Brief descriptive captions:
--- --- ---

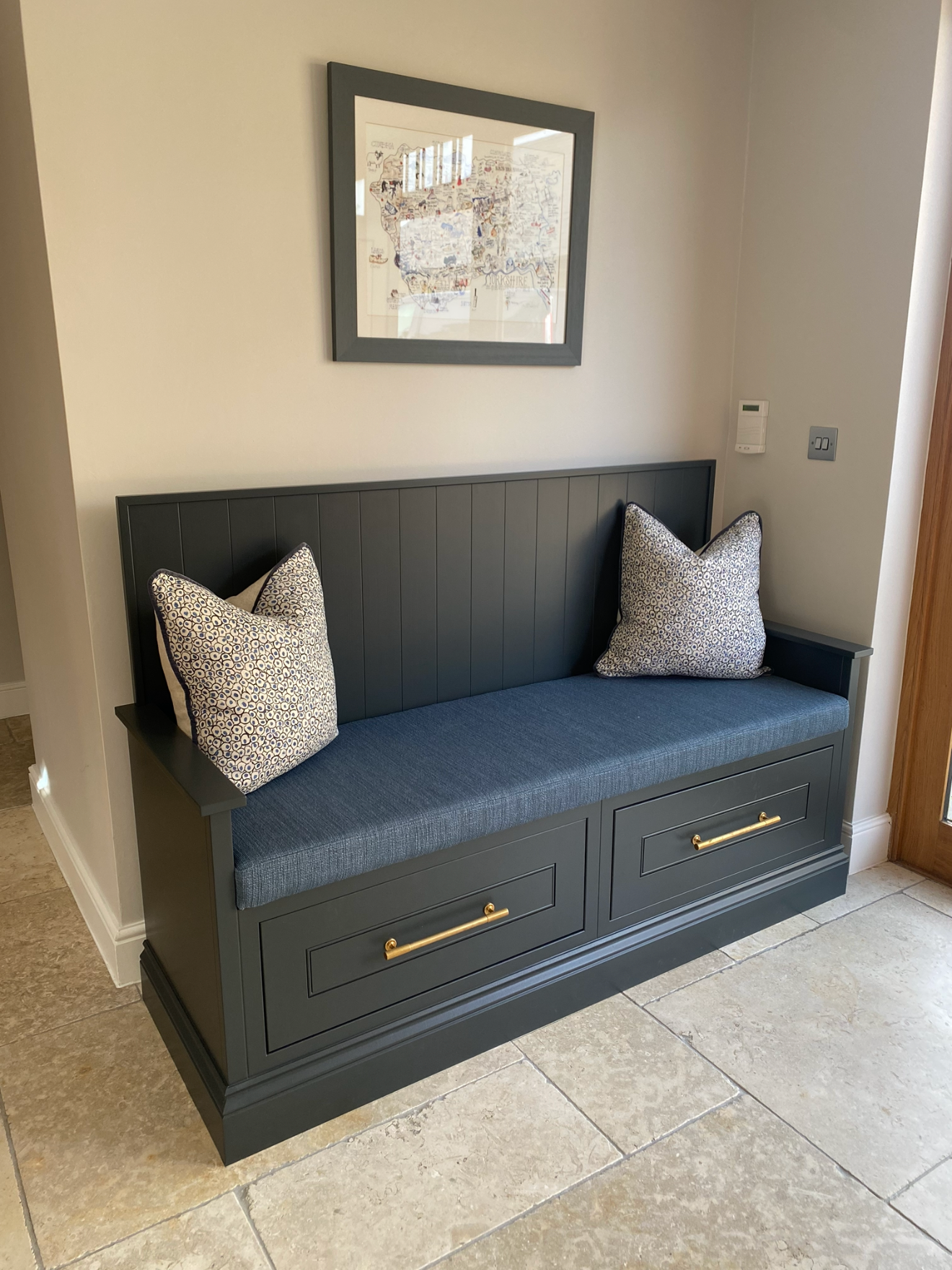 A black bench with two patterned pillows, chrome handles, and a cushioned seat, placed against a white wall with a framed map above it, next to a wooden door and a thermostat on the wall.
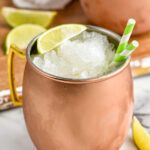 Moscow Mule Slush served in copper mug with straws and lime wedge. Additional lime wedges beside.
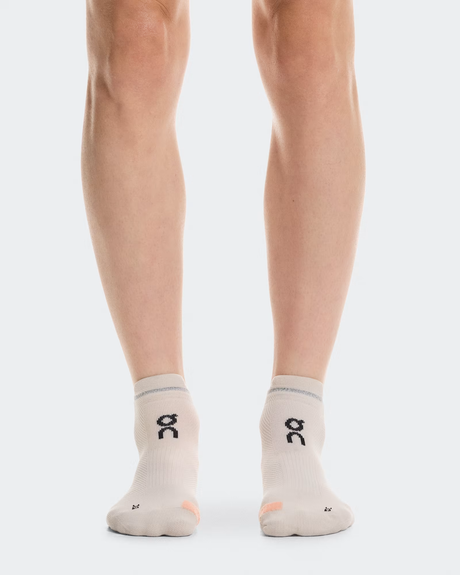 Person wearing light gray socks with a logo on a white background - On Performance Run Sock Low (Unisex) - Pearl/Sunstone
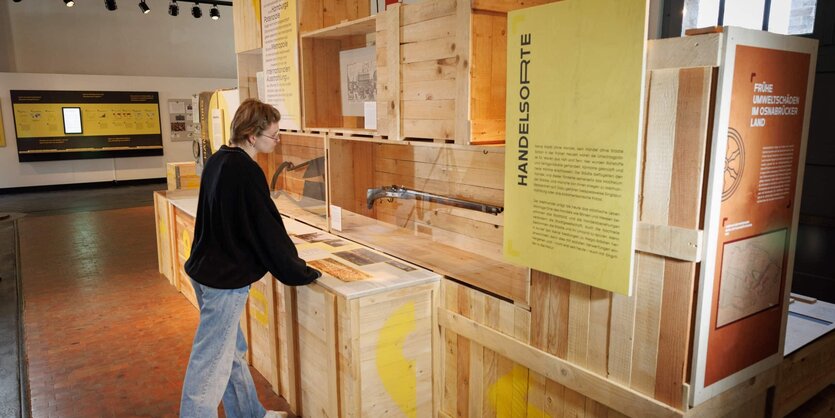 Eine Besucherin steht vor einem Holzregal mit Exponaten.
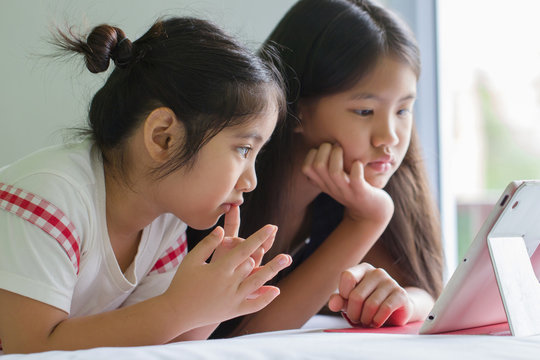 Close up of Asian child using tablet together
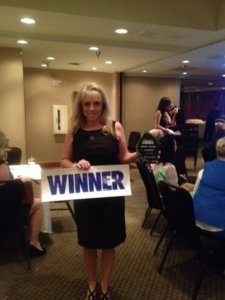 Cindy Voyles, Tamaya Sales Associate accepts another award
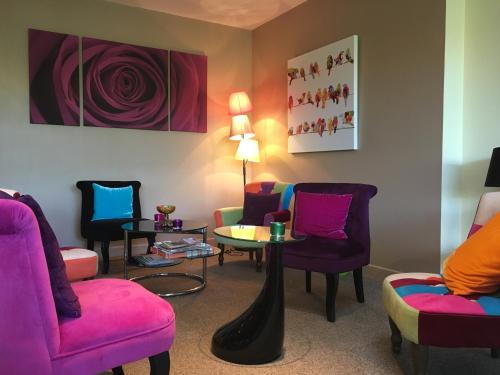 a waiting room with colorful chairs and a table at Lys Hôtel in Halluin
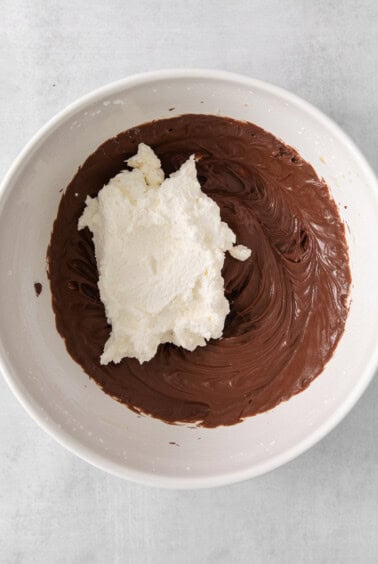 a white bowl filled with chocolate and whipped cream.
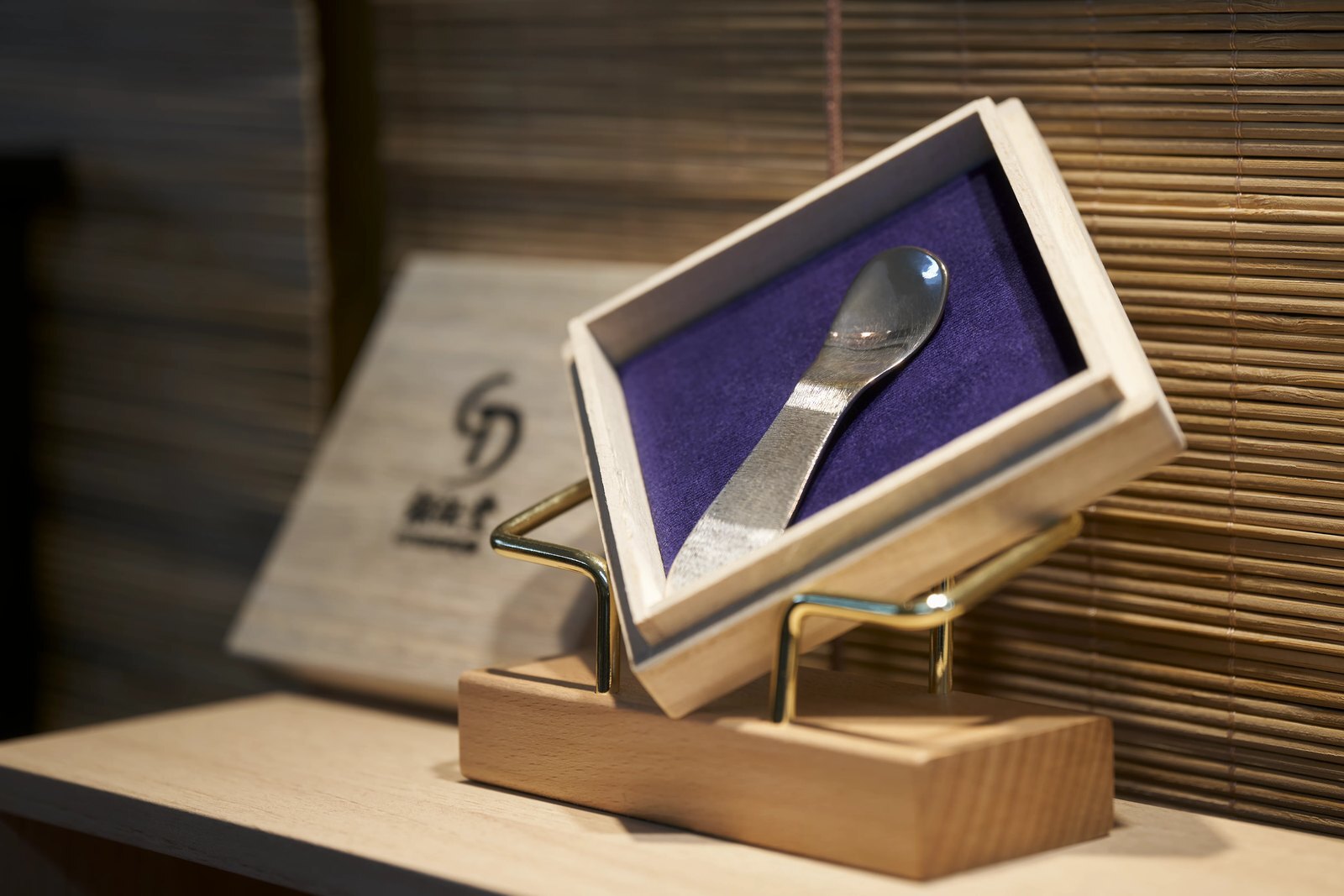 A finished hand-forged silver spoon presented in a purple-lined wooden box, the workshop's mark on the board behind it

--- --- ---

WHAT YOU ARE ASKED TO DO »
Only the lines from the one holding "a waiting room" to the last line of the entries above should be printed, exactly as they appear and with no pictures.

RESPONSE TO THIS TASK »
 a waiting room with colorful chairs and a table at Lys Hôtel in Halluin
 a white bowl filled with chocolate and whipped cream.
 A finished hand-forged silver spoon presented in a purple-lined wooden box, the workshop's mark on the board behind it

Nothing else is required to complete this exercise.